<<<<
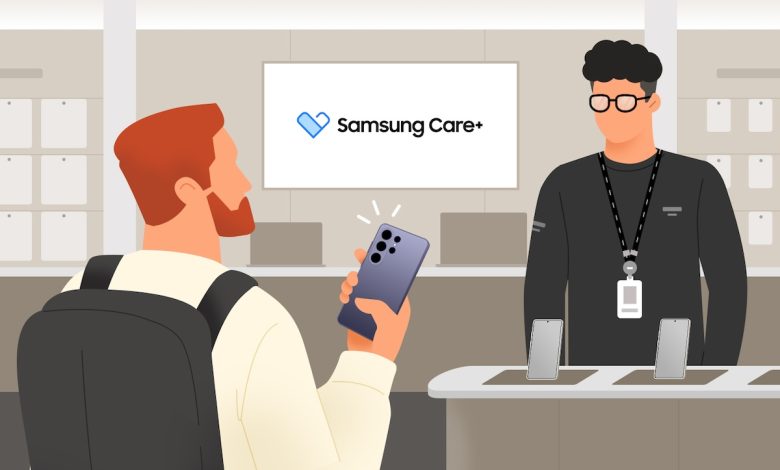 Samsung Care+ Uganda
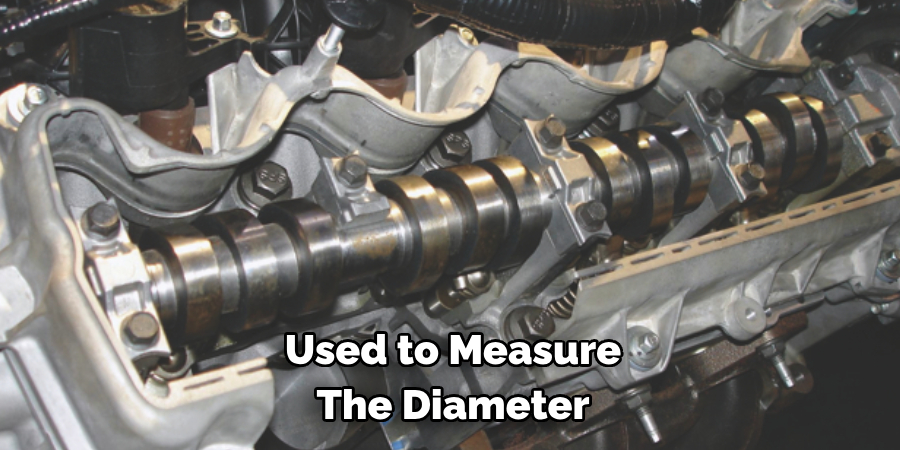 Used to Measure The Diameter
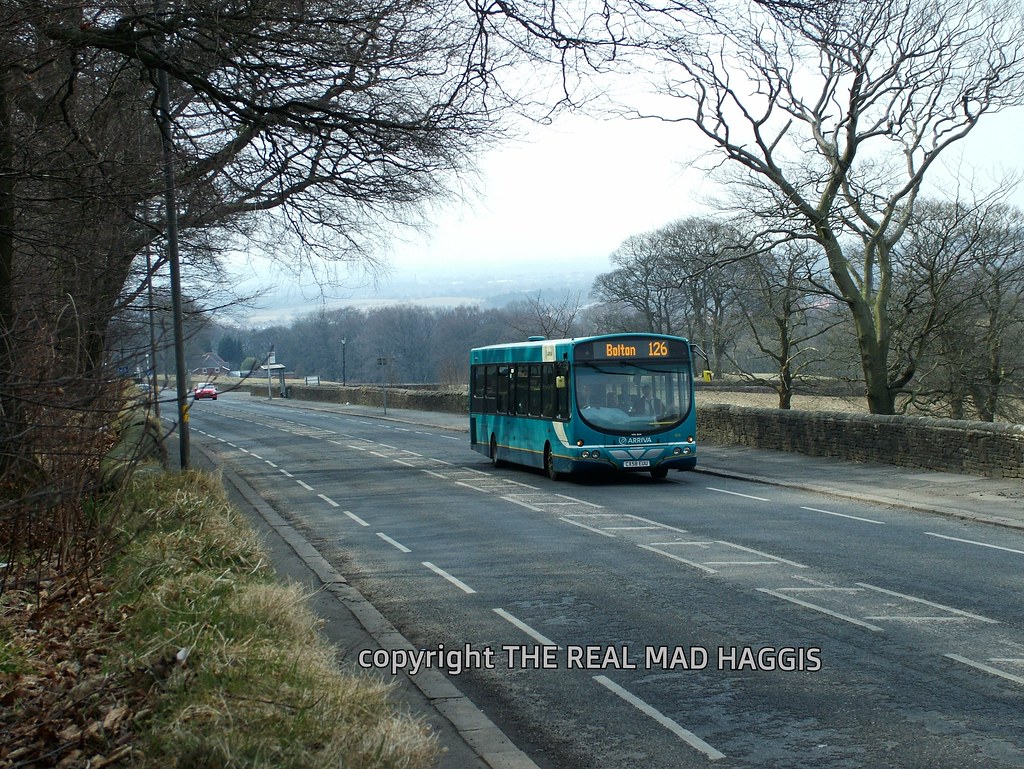 Favourite haunt....... Chorley Old Road, Horwich and there… Flickr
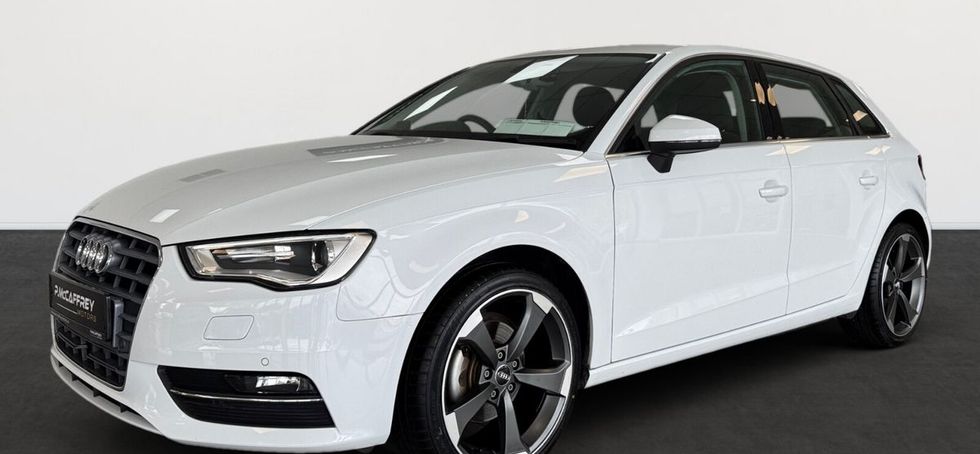 Audi A3 2015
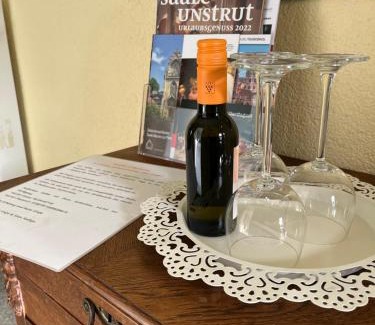 Naumburg Apartment | Pet and Child-Friendly Ferienwohnung Am Anger - 8.9/10 Rating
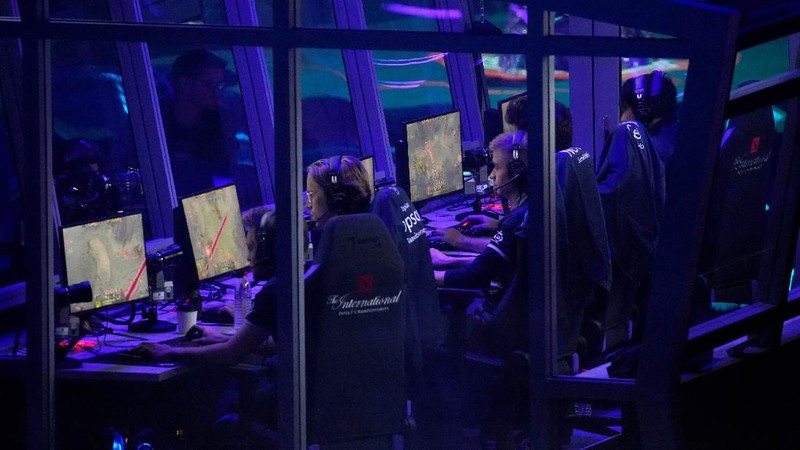The International 2019 merupakan instalasi ke-9 dari turnamen tahunan eSports Dota 2 terbesar di dunia.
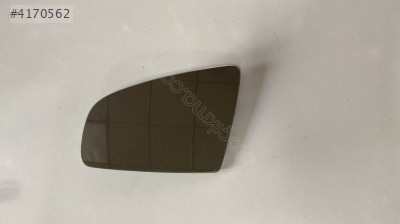 AUDİ A4 2001-2008 MODEL ORİJİNAL ISITMALI SOL AYNA CAMI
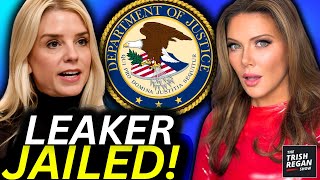 DOJ JAILS ‘Pentagon Leaker’ for Leaking Top Secret National Security Intel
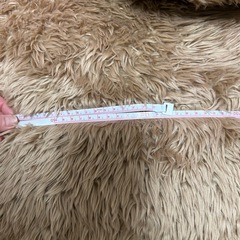 特大クマさんのぬいぐるみの画像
>>>>
→ **Your objective**
Starting with the line that contains "DOJ JAILS ‘Pentagon", give the lines again exactly as they appear through the last line of the data, pictures excluded.

→ **Solved exercise**
 DOJ JAILS ‘Pentagon Leaker’ for Leaking Top Secret National Security Intel
 特大クマさんのぬいぐるみの画像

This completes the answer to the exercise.